Google knows that iPhone users mean big business- so much so that it paid Apple $1bn to be the default iOS search engine in 2014.
The revelations come as part of court documents produced during Oracle’s lawsuit against Google for a long-running copyright dispute over Java on Android phones.
The documents show that Google paid Apple $1 billion in 2014 to be the preferred search engine on the iPhone, reported Bloomberg News.
Oracle’s lawyers also revealed that Apple and Google shared a portion of the revenue Google received from showing adverts to iOS users.
According to Oracle, “at one point in time” that share was 34% – although it wasn’t clear who got the larger end of that deal.
The payments kept Google as the default search engine for mobile Safari, allowing it to continue to cash in on iOS.
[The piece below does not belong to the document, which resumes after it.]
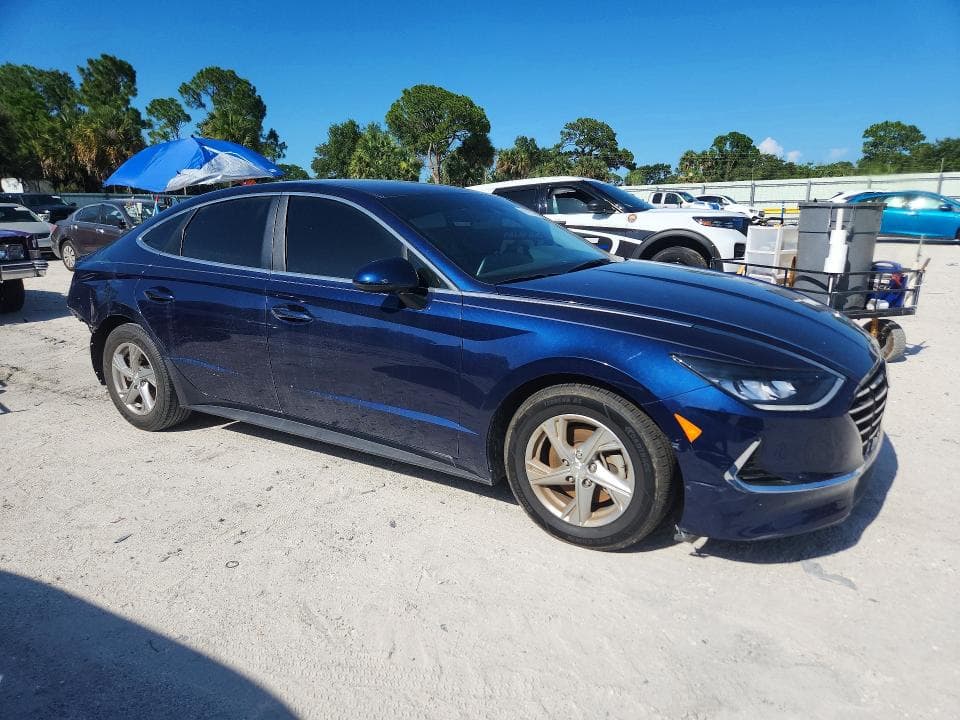 2021 HYUNDAI SONATA SE 4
Being the default is important: when Apple switched from Google Maps to its own in-house team for the default map app on iPhones in 2012, the new app was criticised for its error-ridden maps.
Three years on, the default app was used three times as much as Google’s own app, according to Apple. That’s millions of users who Google can’t get data from or show adverts to.
The default search engine on Siri is Microsoft’s Bing, and that cannot be changed by the user.
Apple and Google both lobbied the court to strike the details of their search deal from court documents, Bloomberg reported, with Google arguing it was “highly sensitive.”
When Google asked the court to hide the details of the deal, it said the information could hinder similar deals with other companies, indicating that Google has muscled its way into default status on other platforms as well.
The blockbuster deal between Apple and Google shows how Google, which made $66 billion in revenue in 2014, can keep buying its way to search supremacy against rivals.
There was a report in 2014 that Marissa Mayer, the CEO of Yahoo, was trying to get her own company’s product to be the default search engine on iPhones, but she did not succeed.